Wall Street analysts and Qualcomm officials had previously said they expected Apple to use an internally developed 5G modem starting in 2024.
The continued sales to Apple will boost Qualcomm’s handsets business, which reported $5.26 billion in sales in the quarter ended in June, and could soften the blow of potentially losing a critical customer. About 21% of Qualcomm’s fiscal 2022 revenue of $44.2 billion came from Apple, according to a UBS estimate.
Qualcomm currently supplies Apple with 5G modems for its iPhones, but Apple has been working to build its own modems to move away from Qualcomm chips. It purchased Intel‘s smartphone modem division in 2019 to build its own modem. However, analysts have suggested that it will be challenging for Apple to move away from Qualcomm’s chips because of their complexity.
Qualcomm also makes money from Apple through cellular licensing fees, which were about $1.9 billion in 2022, according to the UBS estimate.
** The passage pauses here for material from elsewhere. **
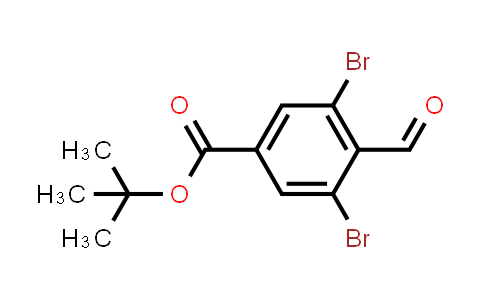 CAS No. 753455-42-4, tert-butyl 3,5-dibromo-4-formylbenzoate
Qualcomm continues to collect royalties from Apple under a six-year agreement, it said. That agreement was struck at the end of a legal battle between Apple and Qualcomm over royalties that was settled in 2019.
Qualcomm says that it expects to only supply 20% of the modems needed for Apple’s 2026 smartphone launch, signaling that it likely still expects the Apple business to eventually decline. A Qualcomm official said the company was not updating its guidance to take in account the Apple sales.
Apple is expected to announce new iPhones, likely called iPhone 15, on Tuesday, which will use Qualcomm modems.
CNBC has reached out to Apple for comment and will update this story accordingly.